Alternative Approaches and Their Trade-offs
1. Database-Level Idempotency
You can use your primary transactional database (e.g., PostgreSQL) to store idempotency records.
CREATE TABLE processed_events (
event_id UUID PRIMARY KEY,
inserted_at TIMESTAMPTZ NOT NULL DEFAULT NOW()
);
The consumer logic becomes:
func handleWithDatabase(tx *sql.Tx, eventId string) error {
// This will fail with a primary key constraint violation if the eventId already exists.
_, err := tx.ExecContext(ctx, "INSERT INTO processed_events (event_id) VALUES ($1)", eventId)
if err != nil {
return err // Already processed or other DB error
}
// ... execute business logic within the same transaction ...
return nil // Commit happens outside this function
}
* Pros: Perfect atomicity. The check for the event and the business logic commit happen within a single database transaction. It's simpler to reason about.
* Cons:
* Performance: Puts significant write load on your primary database, which is often the most expensive and hardest-to-scale part of your infrastructure. Contention on the processed_events table can become a bottleneck.
* Separation of Concerns: Couples your message processing infrastructure logic with your business domain data.
* Not suitable for non-DB logic: If your "business logic" involves calling a third-party API, you cannot roll back that API call if the INSERT fails, breaking the atomicity guarantee.
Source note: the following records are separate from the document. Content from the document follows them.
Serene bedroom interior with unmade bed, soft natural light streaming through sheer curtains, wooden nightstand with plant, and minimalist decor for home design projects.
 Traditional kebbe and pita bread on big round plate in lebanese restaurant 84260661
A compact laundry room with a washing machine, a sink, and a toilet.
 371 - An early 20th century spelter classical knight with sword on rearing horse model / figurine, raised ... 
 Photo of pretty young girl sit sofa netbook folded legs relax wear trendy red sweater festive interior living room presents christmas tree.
2. Kafka Streams Exactly-Once Semantics (EOS)
Kafka Streams offers EOS, but it's crucial to understand its scope. EOS in Kafka works by using a transactional producer that coordinates with the consumer group coordinator. When a stream application reads from a source topic, processes the data, and writes to a sink topic, the entire operation (read-process-write) is committed as a single atomic transaction.
* When to use it: It is the perfect solution for Kafka-to-Kafka transformations (e.g., filtering, aggregation, enrichment where the result is another Kafka topic).
* Where it falls short: The moment you need to interact with an external system—like writing to a PostgreSQL database, calling a REST API, or sending an email—you break out of the Kafka transactional boundary. The write to the external system and the commit of the consumer offset are not atomic. You are back to an at-least-once scenario, and the Redis-based idempotency pattern described here becomes necessary once again.
Conclusion
For event-driven services that must interact with external systems, consumer-side idempotency is not an optional feature; it is a fundamental requirement for correctness. While naive approaches are simple to implement, they contain subtle but critical flaws that can lead to data loss or corruption in production.
The stateful idempotency pattern using Redis provides a robust, scalable, and performant solution. By treating message processing as a state machine (ACQUIRING, PROCESSING, COMPLETED) and leveraging atomic Redis operations via Lua scripting, we can build consumers that are resilient to crashes, retries, and concurrent execution. While it introduces an additional dependency (Redis) and requires careful handling of edge cases like poison pills and lock expiration, this pattern offers a powerful balance of safety and performance, making it a cornerstone of modern, high-throughput event-sourcing architectures.